How long after exposure are tick vaccinations administered? - briefly
There is no post‑exposure vaccine for most tick‑borne diseases; immunity is obtained by vaccinating before contact with ticks. If a post‑exposure immunization is advised, it must be given within 72 hours of the bite.
How long after exposure are tick vaccinations administered? - in detail
Tick‑borne disease prevention relies on immunisation before contact with infected vectors, not after a bite. The principal vaccines relevant to tick exposure are for tick‑borne encephalitis (TBE) and, historically, Lyme disease; both follow a pre‑exposure schedule.
Tick‑borne encephalitis vaccine
- First dose: administered at least 2 weeks before entering an endemic area; protective antibody levels typically develop 2–4 weeks after injection.
- Second dose: given 1–3 months after the initial dose to complete the primary series.
- Booster: recommended every 3–5 years, depending on regional guidelines and individual risk.
- Post‑exposure: no booster or therapeutic dose is advised; the vaccine does not treat an existing infection.
Lyme disease vaccine
- Commercially available vaccines have been withdrawn; experimental candidates are still in clinical trials and follow a pre‑exposure regimen similar to TBE (multiple doses spaced weeks apart).
- No post‑exposure vaccination protocol exists; early antibiotic therapy is the accepted treatment after a confirmed bite.
General post‑exposure management
- Immediate medical assessment is required after a tick bite.

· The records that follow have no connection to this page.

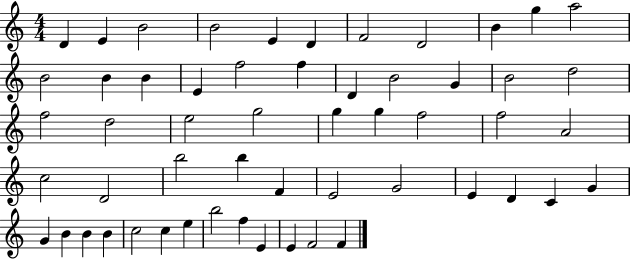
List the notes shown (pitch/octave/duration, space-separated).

D4/q E4/q B4/h B4/h E4/q D4/q F4/h D4/h B4/q G5/q A5/h B4/h B4/q B4/q E4/q F5/h F5/q D4/q B4/h G4/q B4/h D5/h F5/h D5/h E5/h G5/h G5/q G5/q F5/h F5/h A4/h C5/h D4/h B5/h B5/q F4/q E4/h G4/h E4/q D4/q C4/q G4/q G4/q B4/q B4/q B4/q C5/h C5/q E5/q B5/h F5/q E4/q E4/q F4/h F4/q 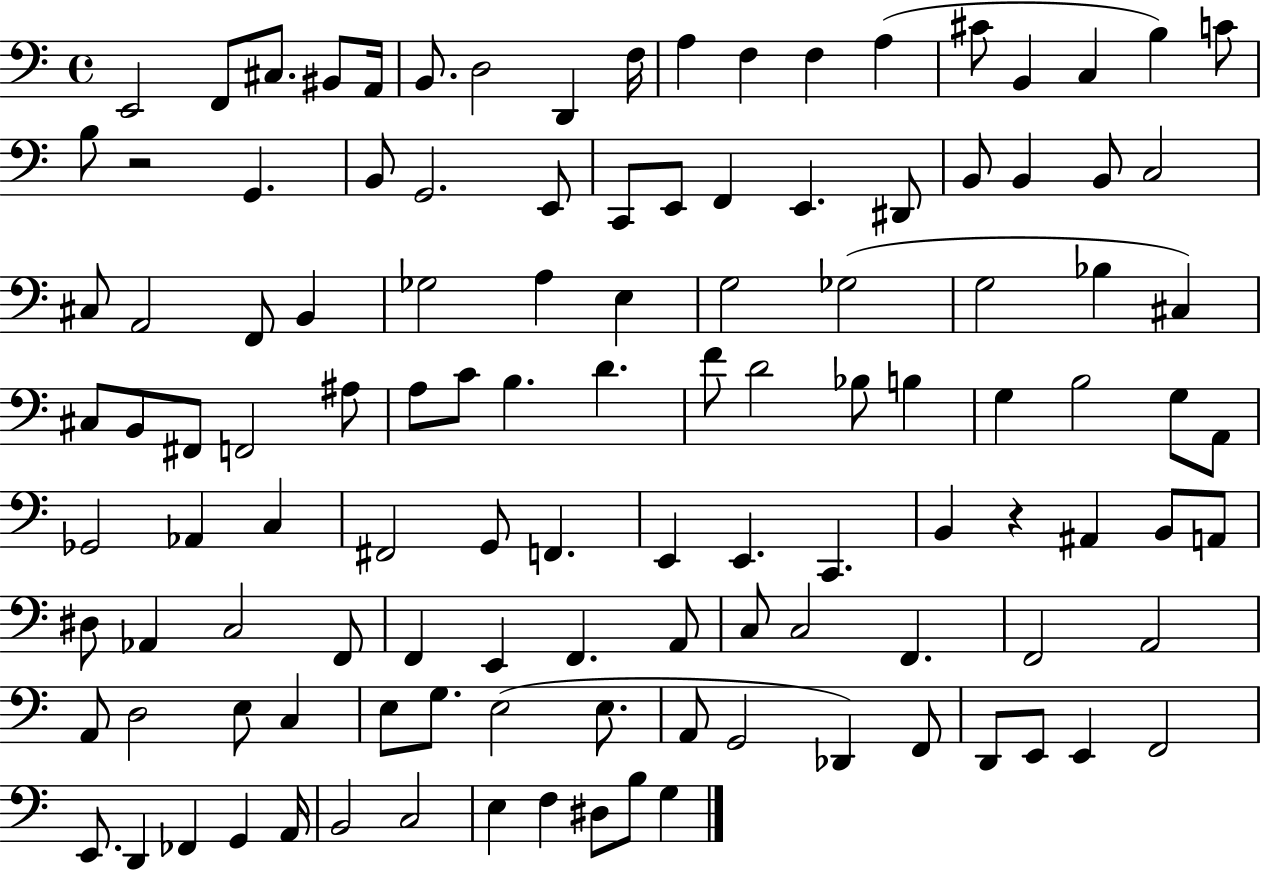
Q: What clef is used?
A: bass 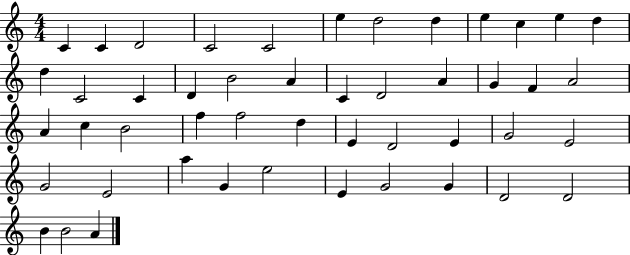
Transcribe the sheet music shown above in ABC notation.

X:1
T:Untitled
M:4/4
L:1/4
K:C
C C D2 C2 C2 e d2 d e c e d d C2 C D B2 A C D2 A G F A2 A c B2 f f2 d E D2 E G2 E2 G2 E2 a G e2 E G2 G D2 D2 B B2 A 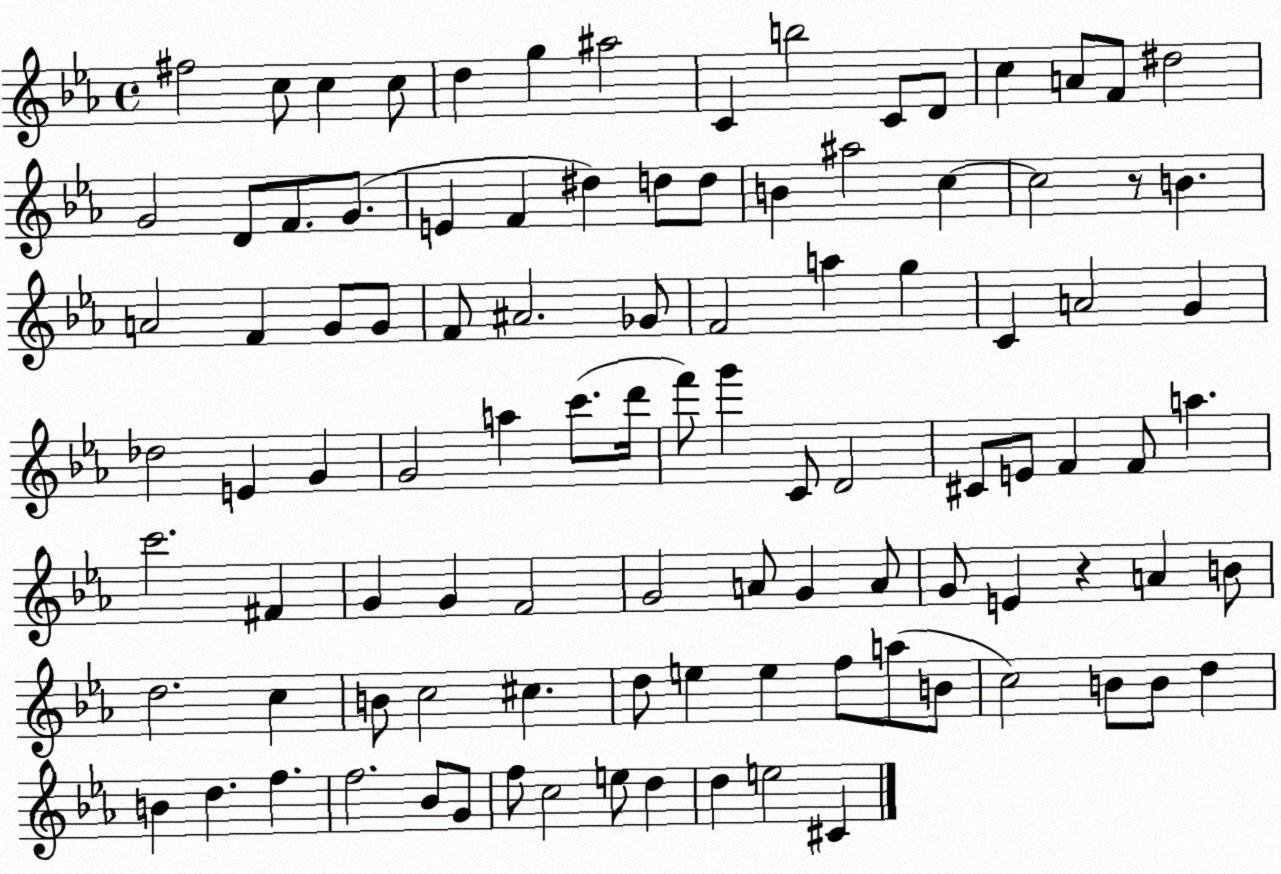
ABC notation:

X:1
T:Untitled
M:4/4
L:1/4
K:Eb
^f2 c/2 c c/2 d g ^a2 C b2 C/2 D/2 c A/2 F/2 ^d2 G2 D/2 F/2 G/2 E F ^d d/2 d/2 B ^a2 c c2 z/2 B A2 F G/2 G/2 F/2 ^A2 _G/2 F2 a g C A2 G _d2 E G G2 a c'/2 d'/4 f'/2 g' C/2 D2 ^C/2 E/2 F F/2 a c'2 ^F G G F2 G2 A/2 G A/2 G/2 E z A B/2 d2 c B/2 c2 ^c d/2 e e f/2 a/2 B/2 c2 B/2 B/2 d B d f f2 _B/2 G/2 f/2 c2 e/2 d d e2 ^C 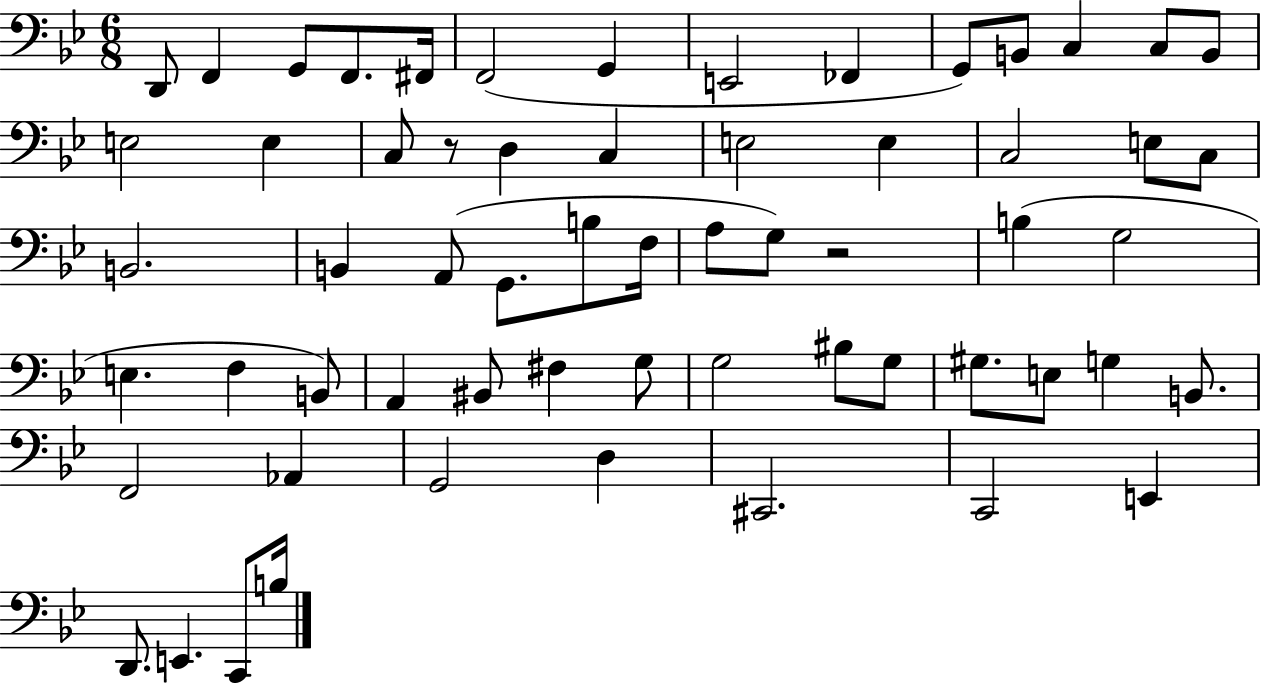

- If the tick is identified as a carrier of Borrelia burgdorferi and the bite occurred within 72 hours, a single dose of doxycycline (200 mg) is recommended as prophylaxis.
- No vaccine is administered after the encounter; immunisation must precede exposure to confer protection.
In summary, tick‑related vaccines are given before risk exposure, with the first dose requiring a lead time of at least two weeks to become effective. After a bite, treatment relies on antibiotics rather than vaccination.